Friday, June 09, 2006

Dark City

Get a blog, everyone tells me. But I've never been blog-literate, not in that sense. So here's my first post. Just testing. And I'm linking it to this article I've written in today's Star. http://thestar.com.my/lifestyle/story.asp?file=/
2006/6/10/lifefocus/14448452&sec=lifefocus

Suspicious minds

What kind of research goes into book writing? Dark Cityauthor XEUS writes of researching pains and why a writer’s motives are always suspect.

Uh, how do you make a man, you know, go ka-boom?” The university chemistry professor sounded puzzled over the phone.

“What do you mean by . . . ka-boom?”

“You know . . . make him blow up.”

“You mean like spontaneous combustion?”

“No, it’s got to be a chemical equation. Like when you mix nitromethane and ammonia, and it goes ka-boom.”

The professor’s voice was suspicious. “Who did you say you were again?”

I will be the first to say this: researching a book isn’t easy.

OK, it’s easy when it’s your field subject in university. But when you’re writing a collection of short stories which are as twisted and disparate as possible, and they involve murder, mayhem, CSI and every one of the seven deadly sins, it appears you have to wear many hats.

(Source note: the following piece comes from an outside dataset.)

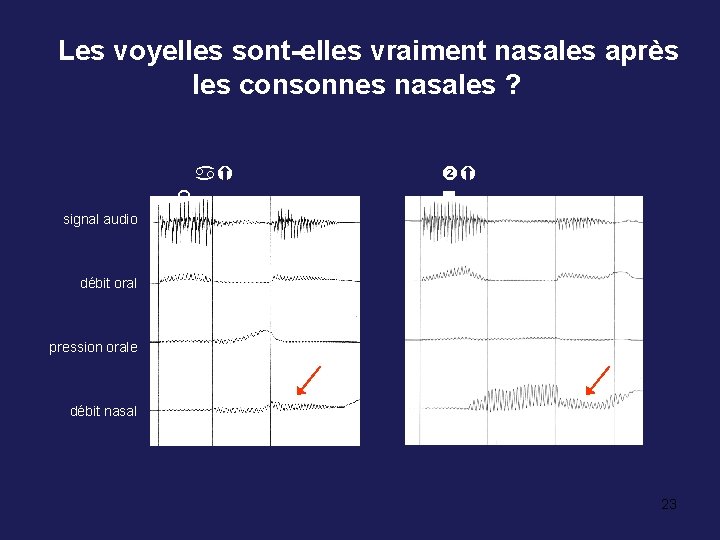 Les voyelles sont-elles vraiment nasales après les consonnes nasales ? aÝ signal audio d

I used to think Dan Brown must have taken a year off to research The Da Vinci Code, until I found out he hadn’t even been to Paris when he wrote it.

(For the uninitiated, The Da Vinci Code is set mostly in Paris. And because Brown hadn’t been to Paris then, he got most of his knowledge second-hand from his wife. That’s why he got the Parisian streets layout wrong.)

Michael Crichton goes one step further for his biblio-technical thrillers. He even quotes his references, journal-like, from research papers. Pick up State of Fear. His references alone take up a quarter of the book.

Prison isn’t that cramped, not really

In the course of writing Dark City: Psychotic and other twisted Malaysian tales, I interviewed a prison warden for one of the stories.

I could have easily made the whole thing up but I wanted authenticity.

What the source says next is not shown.